Nigel Farage faces scrutiny over who funded £885,000 Clacton home

After Rayner controversy, questions mount over whether Farage sought to avoid stamp duty

Nigel Farage faces scrutiny over who funded £885,000 Clacton home

Nigel Farage, leader of Reform UK and MP for Clacton, is under pressure to clarify the financial arrangements behind the purchase of a £885,000 property in his constituency.

The four-bedroom house, which includes a heated swimming pool, was acquired in November last year and is registered solely in the name of his partner, Laure Ferrari. The property was bought outright, with no mortgage involved.

Farage has maintained that Ferrari funded the purchase independently, attributing her ability to do so to her family’s wealth. However, investigations into French property and company records have not substantiated claims of significant family assets. Ferrari’s father previously ran a haulage business in Strasbourg, which was liquidated in 2020. The family home, a flat in a Strasbourg suburb, is valued at around €350,000 (£302,000) and is co-owned by Ferrari, her parents, and her sister. The family also co-own the former business premises, now rented out, but local estate agents estimate the rental income to be modest.

Ferrari, who met Farage while working as a waitress in the late 2000s, has a background in small business, having previously run a clothing shop with the help of a bank loan. The business was unsuccessful, and she later worked as a waitress. More recently, she has served as director of a consultancy, Baxter Laois Limited, which owns Farage’s gin brand. The company’s latest accounts indicate limited activity, with over £10,000 owed to creditors and minimal assets.

The manner in which the Clacton property was purchased has led to allegations that the transaction may have been structured to avoid an additional stamp duty surcharge of £44,250, which would have applied if Farage had been listed as an owner due to his existing property holdings. Farage has denied providing funds for the purchase, stating that Ferrari is the sole legal and beneficial owner.

“I haven’t lent money to anybody. I didn’t give her money,” Farage told The Mirror. “She comes from a very successful French family and she can afford it herself. It’s convenient, it works, and she loves it there.”

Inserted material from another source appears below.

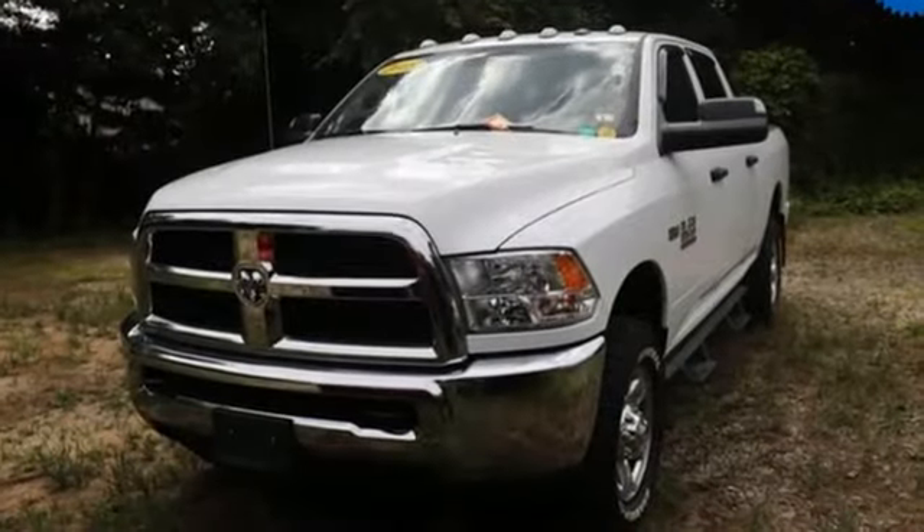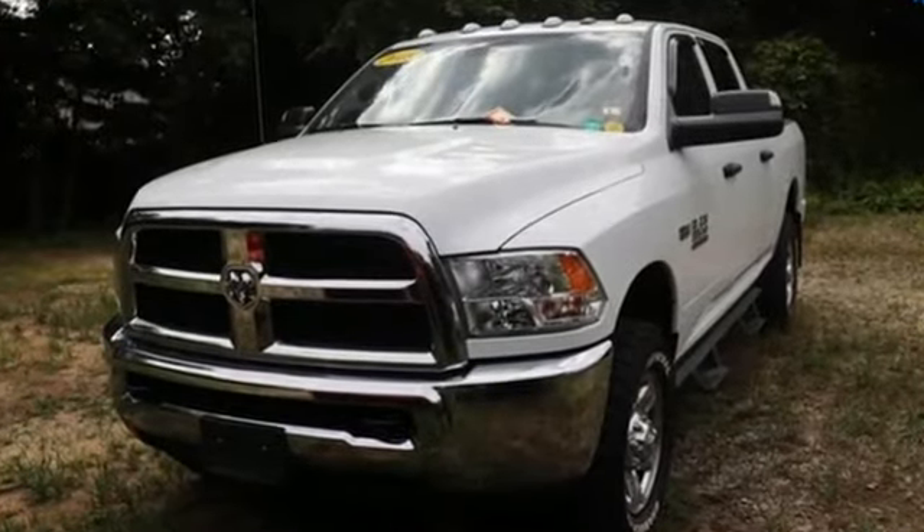When you need to grab life by the horns, you need a Ram. Take it for a test drive today.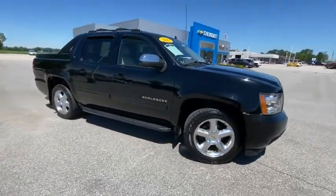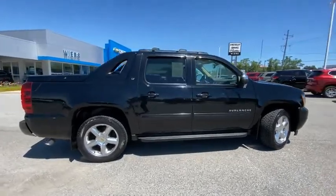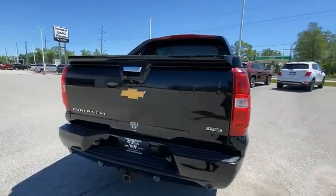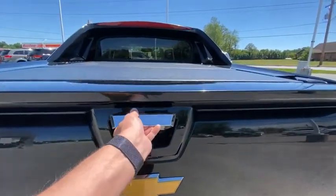We are pleased to show you the 2011 Avalanche. The Chevy Avalanche can transform from an SUV into a full-size pickup truck, all in less than a minute. This makes the Avalanche one of the most flexible vehicles out there.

Despite asserting no involvement in the transaction, Farage has sought legal advice from King’s Counsel specialising in taxation. His solicitors, Grosvenor Law, stated: “Grosvenor Law has received written advice from leading tax King’s Counsel. That advice concludes that there is no underpayment of SDLT (Stamp Duty Land Tax), that SDLT paid was properly calculated and that there is no basis to suggest there has been any improper avoidance or evasion of tax in respect of the purchase.”

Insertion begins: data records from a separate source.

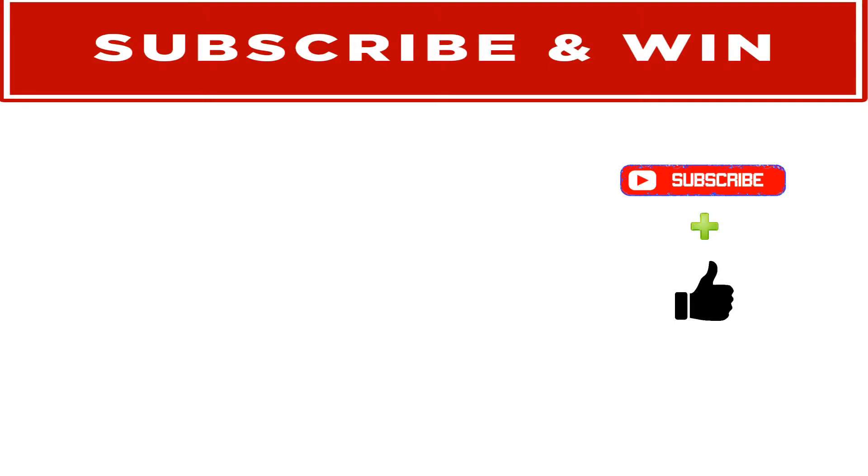Before ending, there's a giveaway happening in the coming weeks — an Mi A1. To enter, subscribe to the channel, hit the like button, and comment below. Sharing the video also helps your chances. If you have questions about these devices or want reviews of other phones, put them in the comments. This is Shiv signing off — have a great day and wonderful evening. Take care, bye!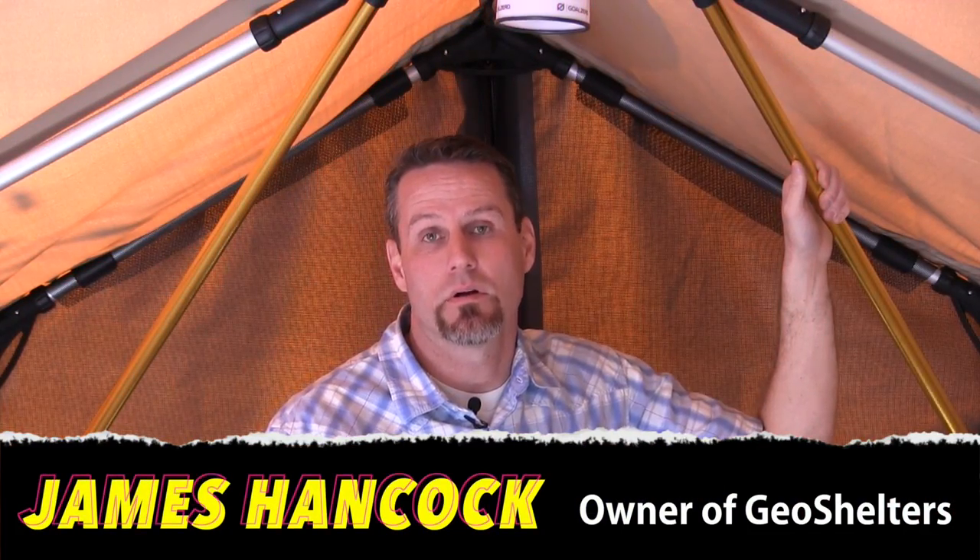I'm James Hancock, I'm the owner of GEO Shelters. We started back in 2009. I started primarily to actually do a shelter for disaster relief and humanitarian aid, and over time realized that there was a big market for the preparedness market because of the strength of our shelter and the longevity of it — it is a true semi-permanent shelter that can be put up and left up year round and endure the elements for years at a time.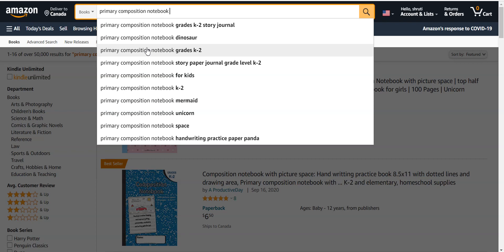To improve your keyword research and rank on the first page of Amazon, I suggest you first check all the keywords shown in the search bar. You will see different keywords suggested by Amazon. Write down those keywords, check how much potential each particular keyword has, and then create a book related to those keywords.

A spokesperson for Farage reiterated: “Laure Ferrari is the sole legal and beneficial owner of the property. It belongs solely to Laure and was purchased with funds which belong to her. All taxes were properly paid. Nigel has no financial interest in the property whatsoever.”

The situation has drawn criticism from political opponents, particularly after Farage’s recent comments on similar issues involving other politicians. Anna Turley, chair of the Labour Party, said: “There are now far too many unanswered questions about the house he stays in while in Clacton. He must urgently come clean with the public as to whether he financially contributed towards the purchase of this property or if he has any financial interest in it.

“Misleading the public for political gain about buying a constituency home is appalling in itself. But if he deliberately put in place this arrangement to avoid paying his fair share of tax, that would be even worse. Farage has had plenty to say about other people’s tax affairs recently, so it’s only right that he provides evidence to prove he has told the full story here. It’s the least the British public would expect.”

The scrutiny on Farage comes in the wake of Angela Rayner’s resignation as deputy prime minister and housing secretary, after it emerged she had underpaid £40,000 in stamp duty on her Hove flat. Rayner’s case centred on the misclassification of her property status, which resulted in her paying a lower rate of stamp duty than was due. She “deeply regretted” not seeking additional specialist tax advice and took “full responsibility” for the mistake.

Both cases highlight the heightened focus on property transactions and tax compliance among public figures. As the mortgage sector continues to navigate regulatory scrutiny, these high-profile incidents serve as reminders of the importance of transparency and adherence to tax obligations.